▸ **Supplied material**
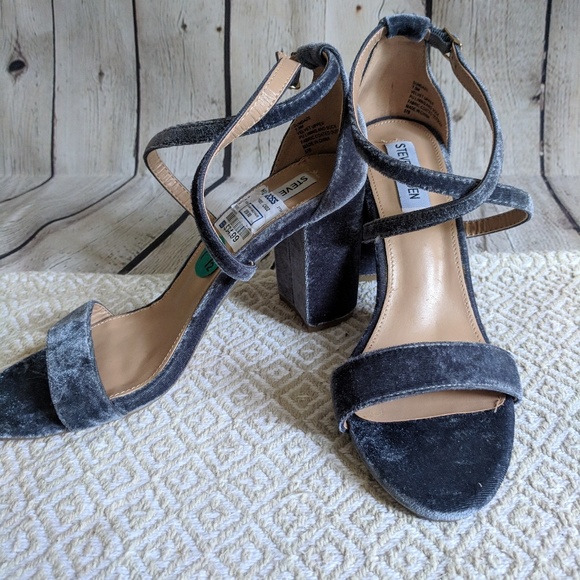 Steve Madden Shoes - Steve Madden block velvet heel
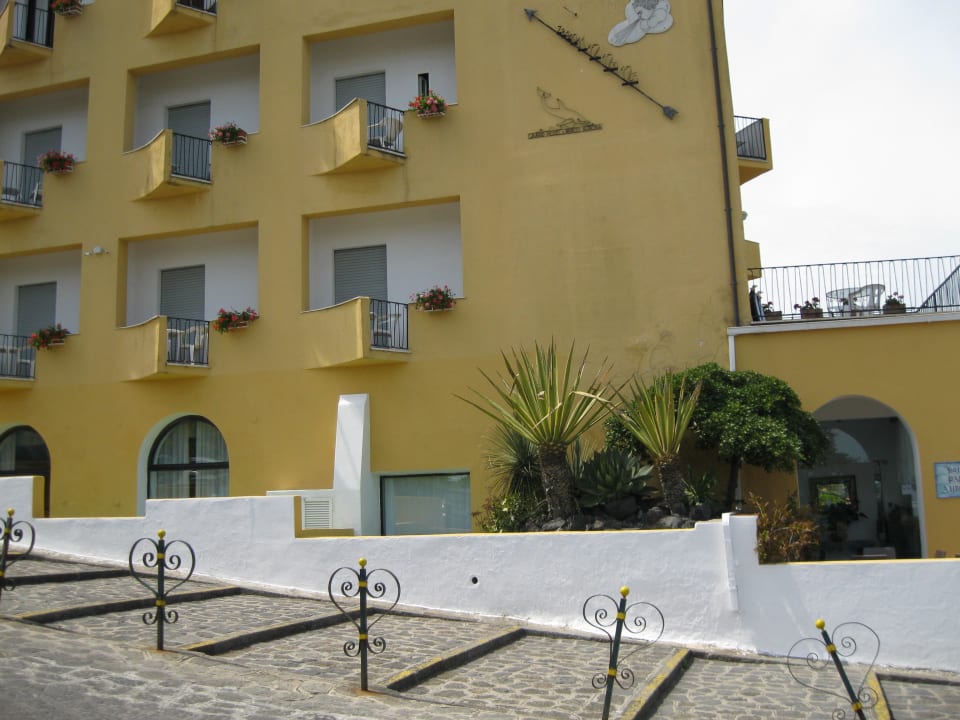 Blick von der kleinen Straße Parco Aurora Terme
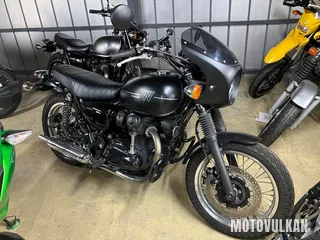 Kawasaki W800 Street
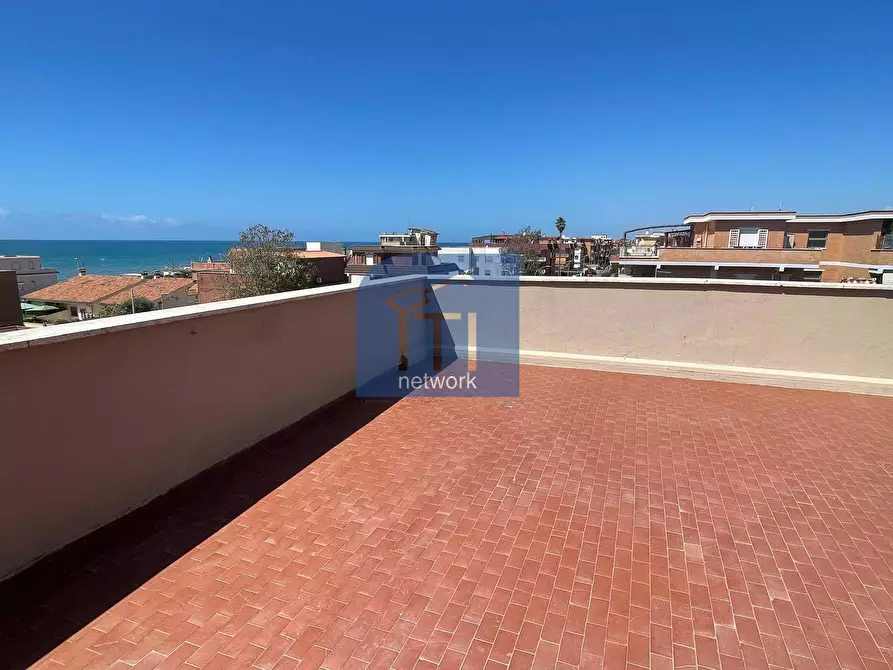 Immagine 7 di Attico in vendita  in Via Svezia a Pomezia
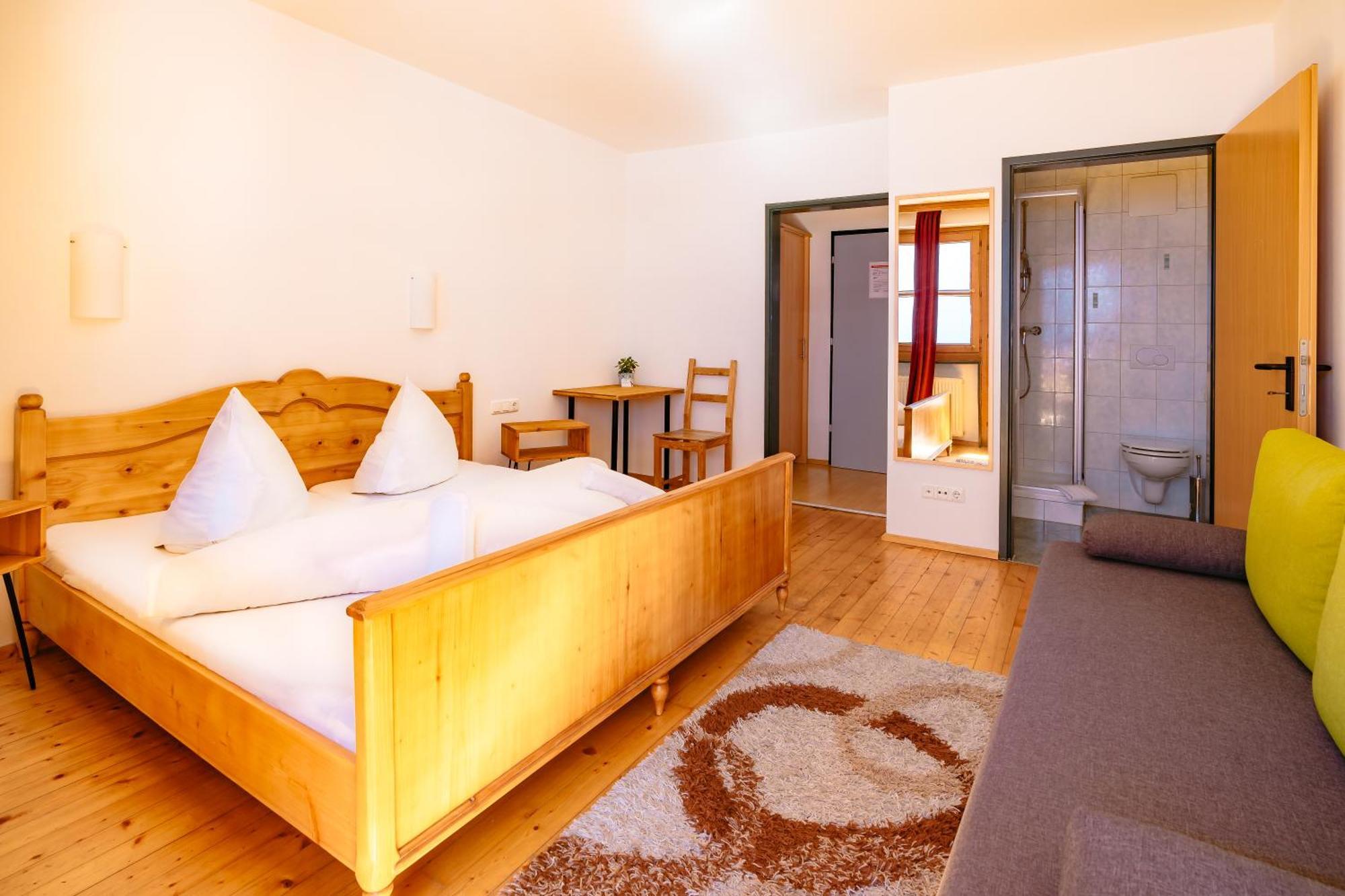 Cityhouse 3*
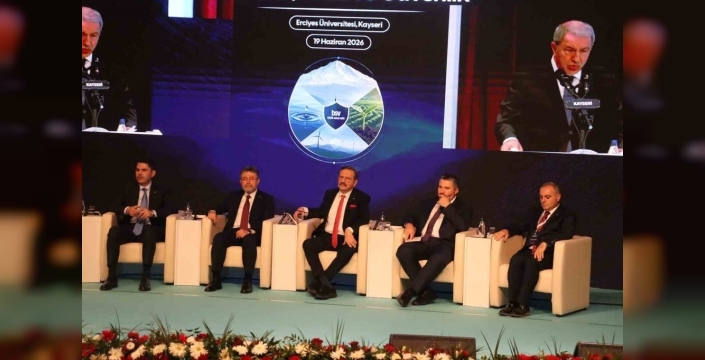 Bakan Kurum: Deprem sonrası 455 bin konut inşa etmek büyük bir başarı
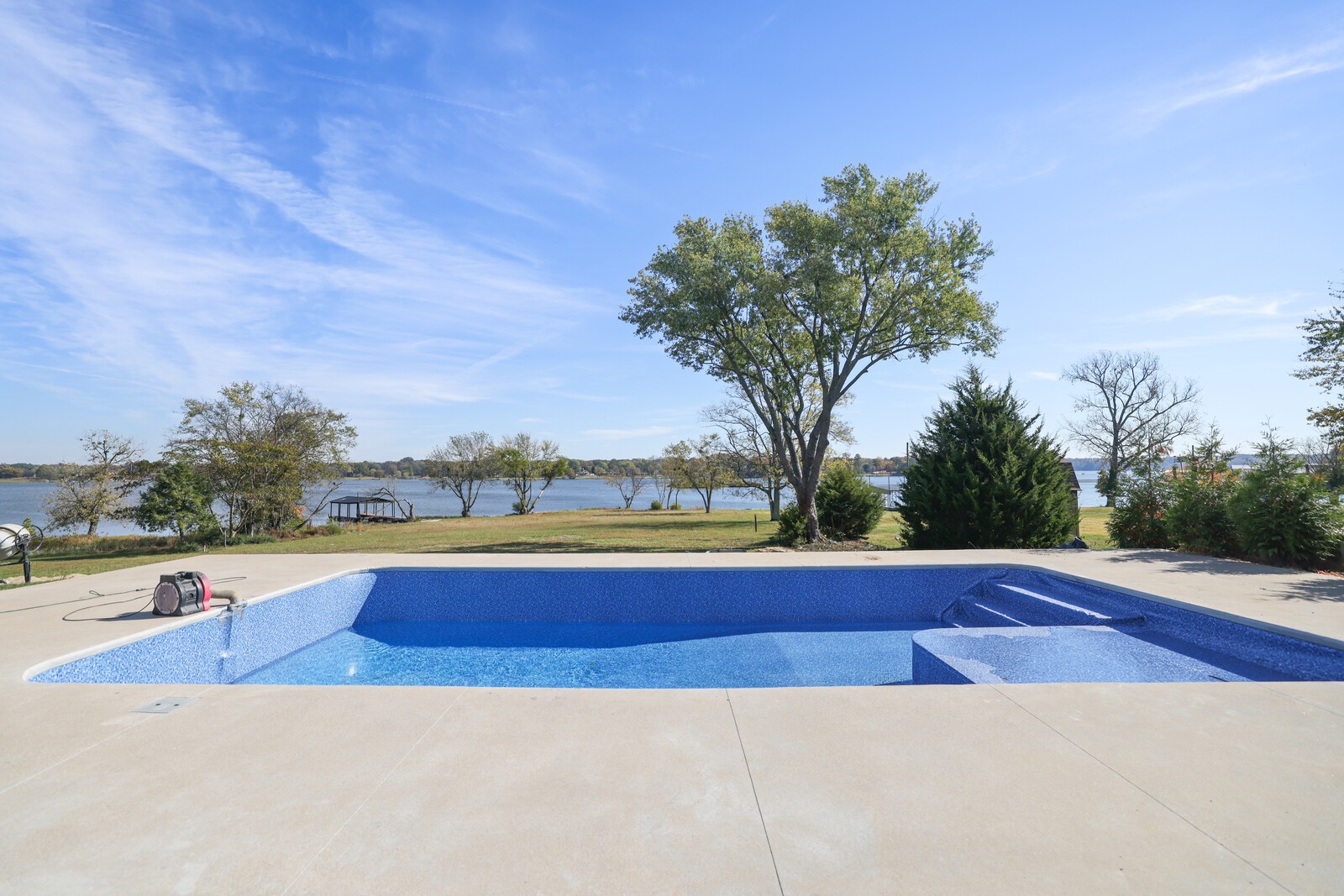 407 Sanders Ferry Rd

▸ **Problem to solve**
What is needed here is an exact transcription of every record above, with images excluded.

▸ **The answer**
 Steve Madden Shoes - Steve Madden block velvet heel
 Blick von der kleinen Straße Parco Aurora Terme
 Kawasaki W800 Street
 Immagine 7 di Attico in vendita  in Via Svezia a Pomezia
 Cityhouse 3*
 Bakan Kurum: Deprem sonrası 455 bin konut inşa etmek büyük bir başarı
 407 Sanders Ferry Rd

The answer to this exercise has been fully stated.